Even before the 1970s, acts of terrorism were committed by Jews and Palestinians in their long struggle for dominance in the region. Since the late 1980s, terrorism in the Middle East took on a new dimension, as many of the most prominent groups who use terrorist tactics, including Al Qaeda, Hamas, Islamic Jihad, and Hezbollah, declared their desire to eliminate Western influences from the Middle East. (Western influences are cultures and political systems from countries such as Britain, France, Germany, Canada, and the United States.) This chapter will try to explain the ways in which terrorism has been used by groups pursuing political goals in the complicated conflicts in the Middle East.

Defining terrorism

Though the acts of the group Al Qaeda on September 11, 2001, were immediately identified as terrorism, it is not always easy for politicians and scholars to agree on exactly what terrorism is. Most agree that when there is open warfare between countries, as there has been during the Arab-Israeli wars of 1948, 1967, and 1973, the actions of soldiers generally are not classified as terrorism. However, certain actions must be examined more closely, as they often seem as if they would fall under some definitions of terrorism. When soldiers harass or murder the civilian inhabitants of a country, the action is sometimes called an atrocity or war crime because such acts are committed by powerful military forces against civilians. When civilians use bombs and rocket launchers to attack soldiers, the act is often called guerrilla warfare or insurgency, indicating that loosely organized groups are fighting against an organized army or government. Neither of these actions is usually defined as terrorism. In conflicts in which direct war has not been declared, however, it can be difficult to distinguish between terrorist acts and other uses of violence, such as those seen in Middle Eastern conflicts.
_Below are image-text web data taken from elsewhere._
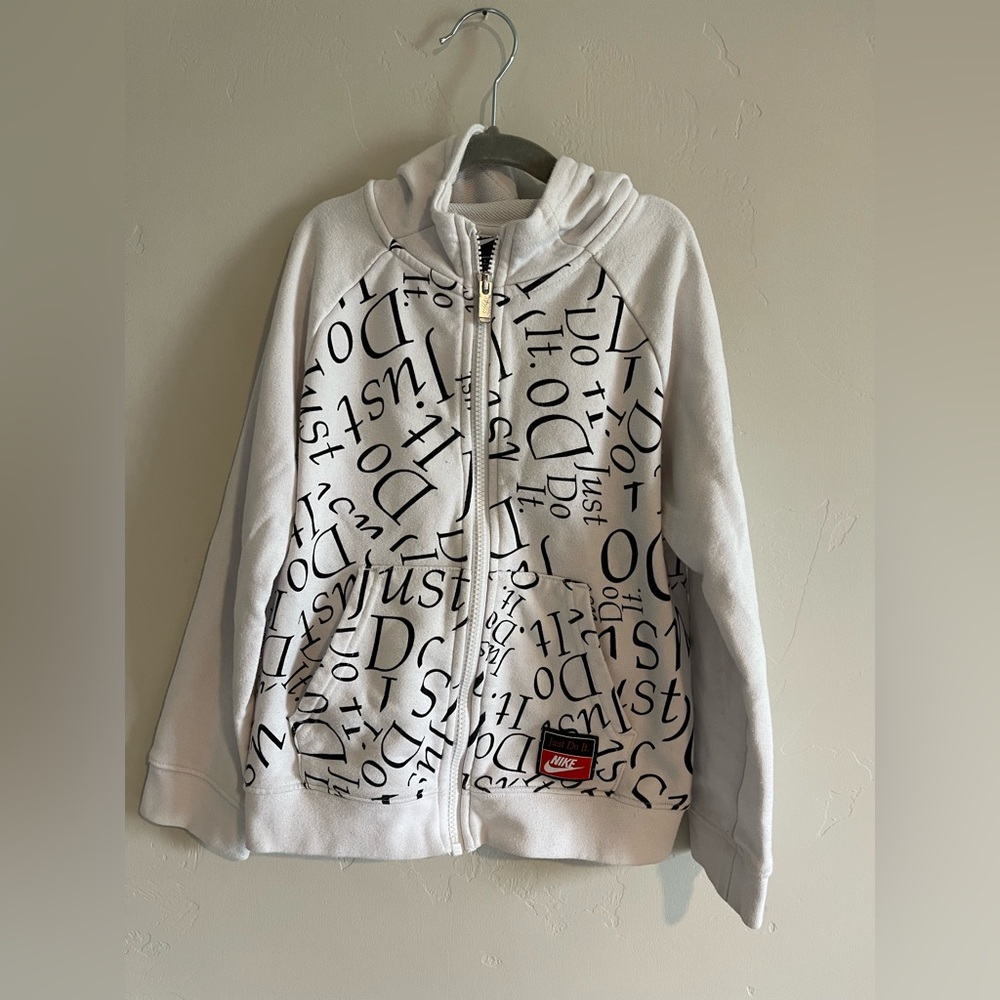 Nike Kids White Zip-Up Hoodie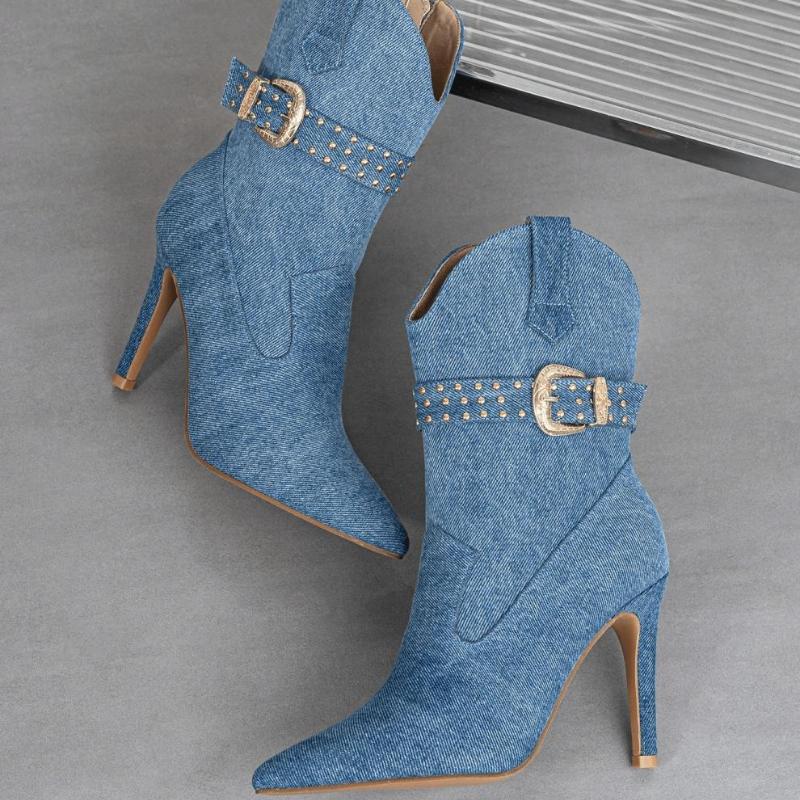 Fashion Fashion Denim Belt Buckle Pointed Toe Women Ankle Boots Shoes Sexy Thin High Heels Party Prom Zipper Botas Para Mujer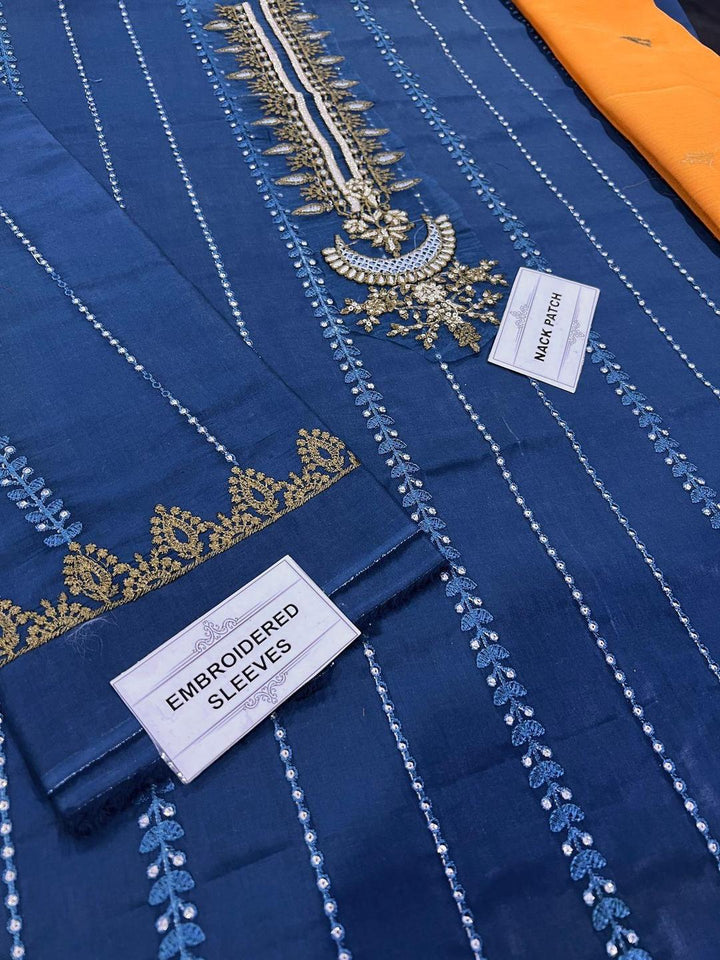 3 Pcs Women's Unstitched Sequins Embroidered Suit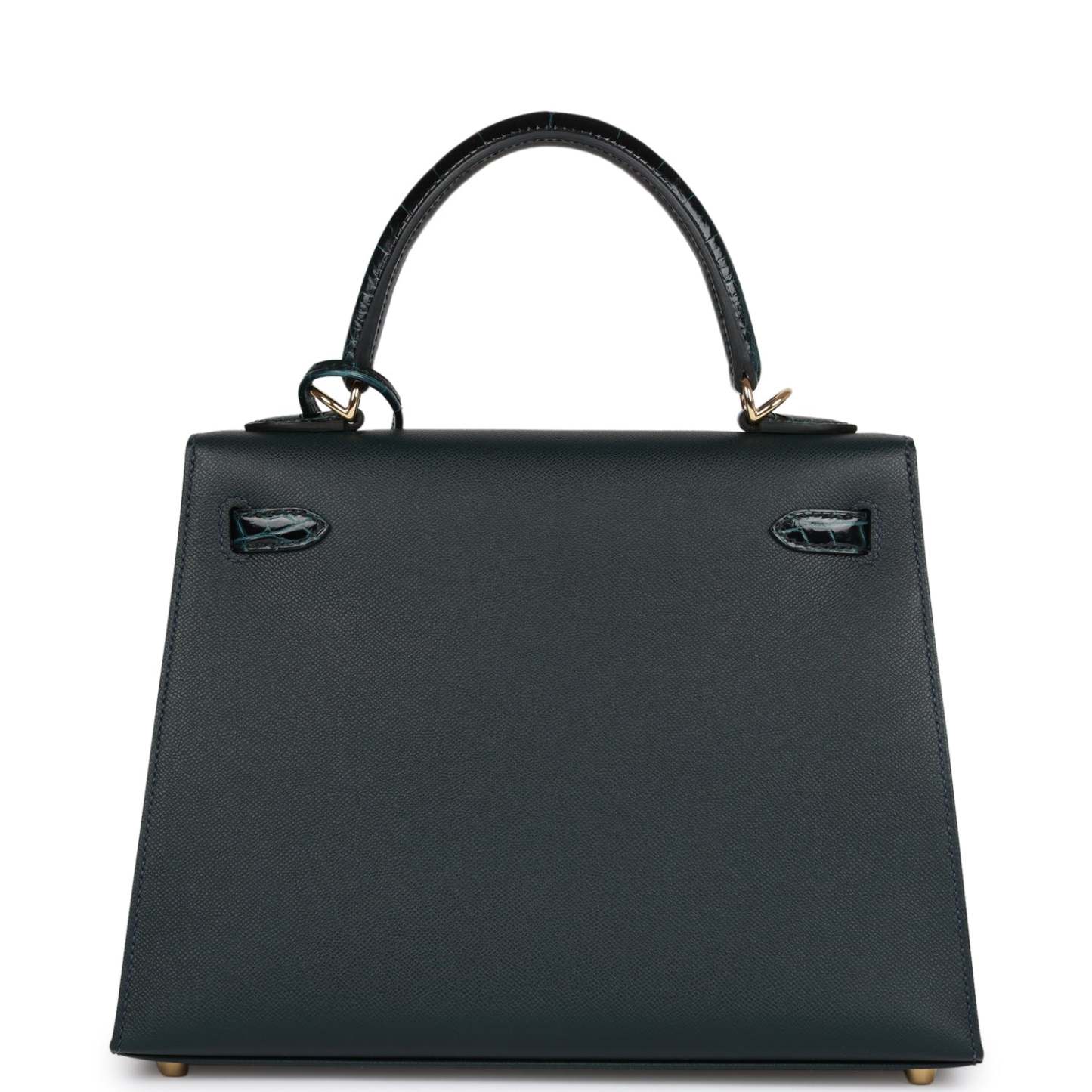 H Kelly Sellier 25 Vert Rousseau Madame and Shiny Niloticus Crocodile Touch Gold Hardware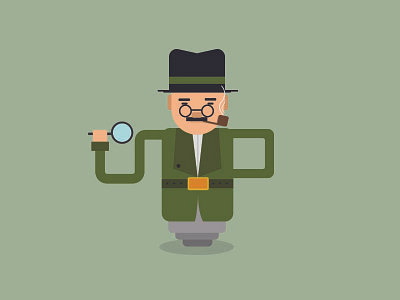 Detective branding character design flat illustration logo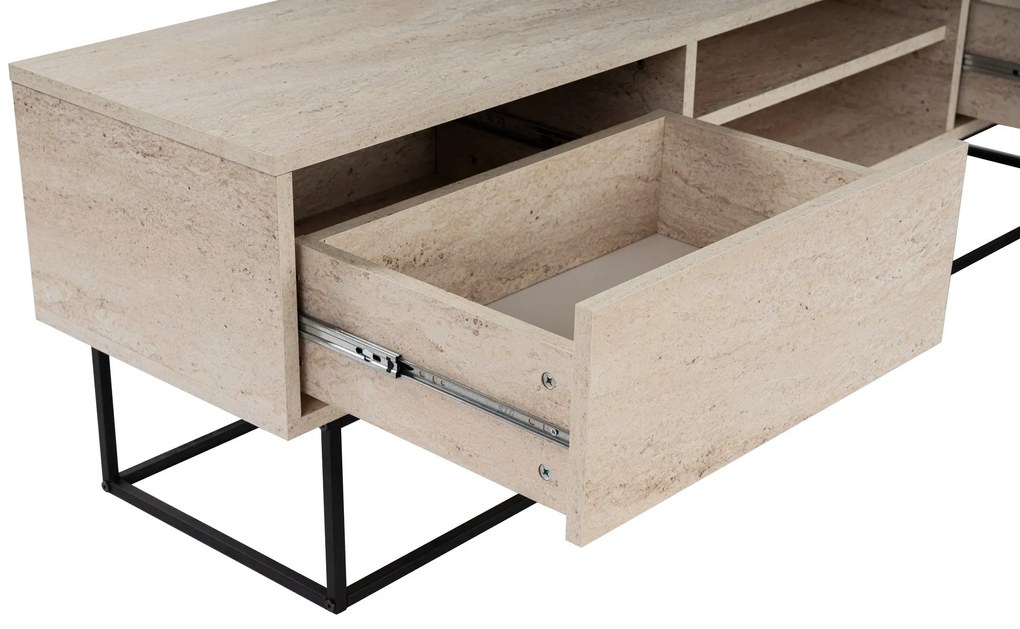 TV szekrény Escape 180 -Fekete, Travertine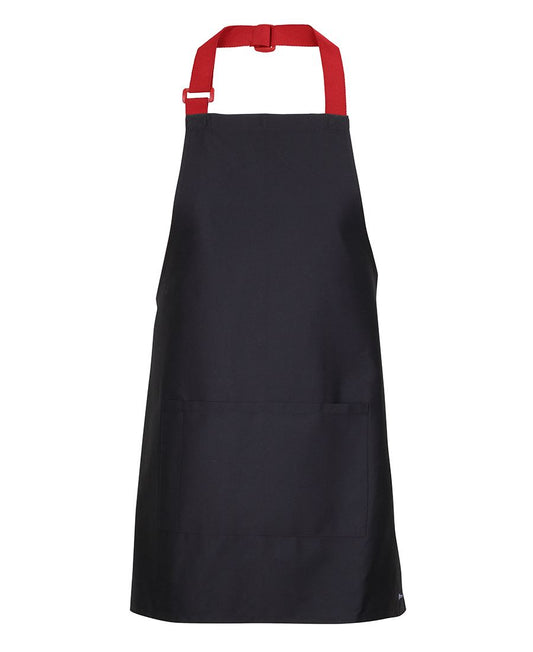 JB's 65x71 APRON WITH COLOUR STRAPS BLACK/RED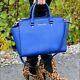 Michael Kors Selma Cobalt Blue Leather Handbag Pursegoldzipperbeautifulclean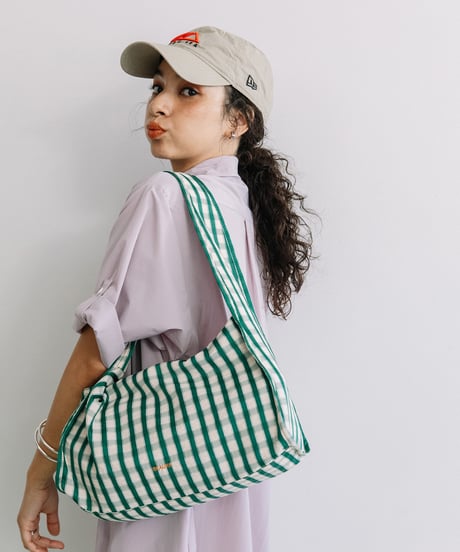 【B-25046】BEAURE ギンガムチェック HOBO BAG
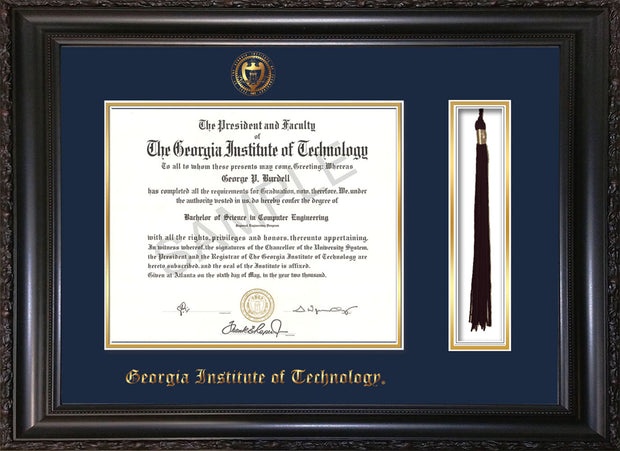 Image of Georgia Tech Diploma Frame - Vintage Black Scoop - w/Embossed Seal & Name - Tassel Holder - Navy on Gold Mat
One of the most commonly used definitions of the term terrorism is provided by the United States Department of State in its annual reports on global terrorism, published since 1983. Its definition holds that terrorism is deliberate, politically motivated violence committed against noncombatant targets (usually civilians and sites such as buildings, but can also be soldiers who are not on duty or are not armed) by groups that do not directly represent the government of a nation, though they may be supported by a government. Using this definition, it is clear that a great deal of the violence that has characterized the enduring conflicts in the Middle East has been terrorist violence.

Terrorist beginnings in Palestine

Contemporary terrorism in the Middle East began early in the twentieth century in the region of Palestine. Beginning in the late nineteenth century Jewish Zionists—people who wanted to create an independent Jewish national homeland in Palestine—began to immigrate, or relocate, to Palestine to escape the persecution they faced in Europe and elsewhere because of their religious practices and stereotypical images of Jews. (Stereotypes are sweeping, usually unfavorable generalizations of a people or place.) Palestine was the site of Jewish kingdoms in ancient times, but had been inhabited by Arabs for more than one thousand years. As increasing numbers of Jews immigrated to Palestine, Jews and Palestinians (Arab inhabitants of Palestine) began to clash over access to land, as well as access to religious holy sites in the city of Jerusalem. When Britain took control of Palestine following World War I (1914–18; war in which Great Britain, France, the United States, and their allies defeated Germany, Austria-Hungary, and their allies), it tried to create a balance of power between Jews and Palestinians, but continued Zionist pressure to increase Jewish immigration, and Palestinian pressure to limit Jewish immigration, put all three groups at odds.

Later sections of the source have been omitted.